Le géant technologique chinois Huawei a dévoilé mardi son premier smartphone équipé d’un système d’exploitation entièrement développé en interne, une étape cruciale dans sa volonté de contrebalancer la domination des leaders technologiques étrangers.
Mais Huawei cherche à inverser la tendance avec une nouvelle série de téléphones « Mate 70 », équipés de son système d’exploitation HarmonyOS Next.
Ce lancement marque un tournant majeur pour la firme, un temps paralysée par des sanctions américaines, mais dont les ventes ont rebondi depuis deux ans.

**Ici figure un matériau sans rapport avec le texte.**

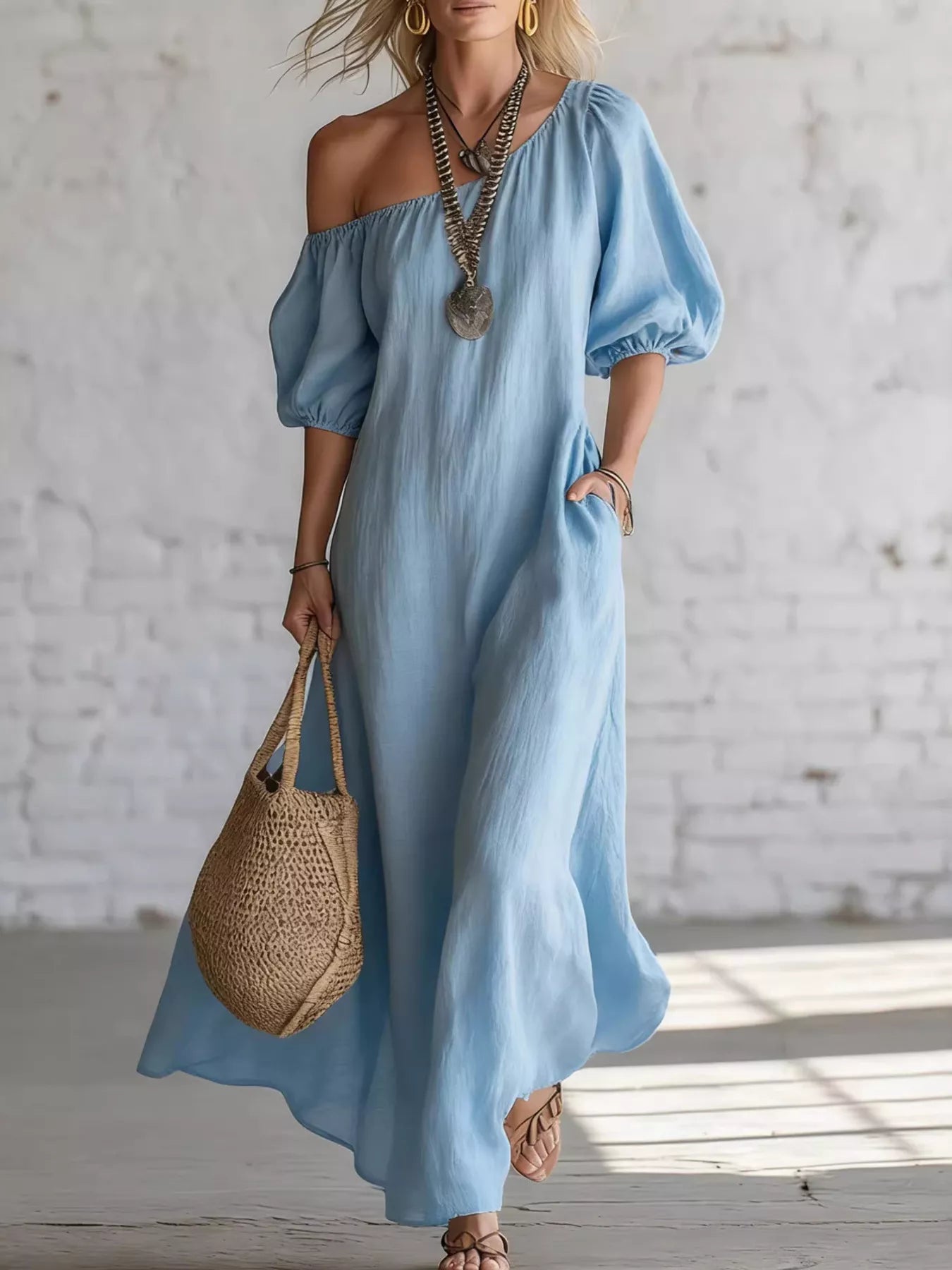 Sky blue one-shoulder maxi dress with puff sleeves and flowing draped skirt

« Aujourd’hui, le très attendu Mate 70, le plus puissant jamais vu, est ici », a annoncé mardi Richard Yu, président de la branche grand public de l’entreprise, lors d’une conférence du groupe depuis son siège de Shenzhen (sud de la Chine).

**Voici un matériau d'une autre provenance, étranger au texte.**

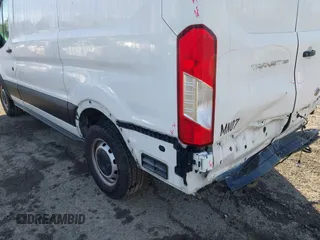 2021 Ford Transit Cargo z VIN 1FTYE1Y89MKA16809, wystawiony jako IAAI lot #41643195 z przebiegiem 7 407 mil mil oraz . Historia ofert i sprzedaży dostępna na DreamBid. Obrazek 17.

Plus de trois millions d’appareils ont déjà été précommandés, selon la plateforme de vente en ligne de Huawei, bien que cela ne signifie pas nécessairement qu’ils aient été achetés. La vente débute officiellement ce mardi soir en Chine.
Huawei est au coeur des rivalités technologiques entre la Chine et les Etats-Unis, qui affirment, sans preuve, que les équipements chinois pourraient être utilisés à des fins d’espionnage. Ces accusations sont fermement démenties par Pékin.
Depuis 2019, les sanctions américaines ont durement frappé la production de téléphones de Huawei, interdisant notamment au groupe l’utilisation de technologies et de composants américains.
– Attentes « considérables » –
Ce bras de fer devrait s’intensifier avec le retour à la Maison Blanche de Donald Trump. Le magnat républicain a promis d’augmenter drastiquement les droits de douane sur les produits chinois importés, en réponse à des pratiques commerciales qu’il juge déloyales.
« Cette tendance à l’autosuffisance au sein du secteur technologique chinois a rendu possible les progrès de Huawei », affirme Toby Zhu, analyste au cabinet d’études de marché Canalys.
Selon lui, le succès de ce nouveau produit sera un indicateur clé pour savoir si les efforts du groupe ont payé.
« Cette nouvelle génération de produits ne peut pas se permettre de manquer le coche, car les attentes sont considérables », ajoute l’analyste.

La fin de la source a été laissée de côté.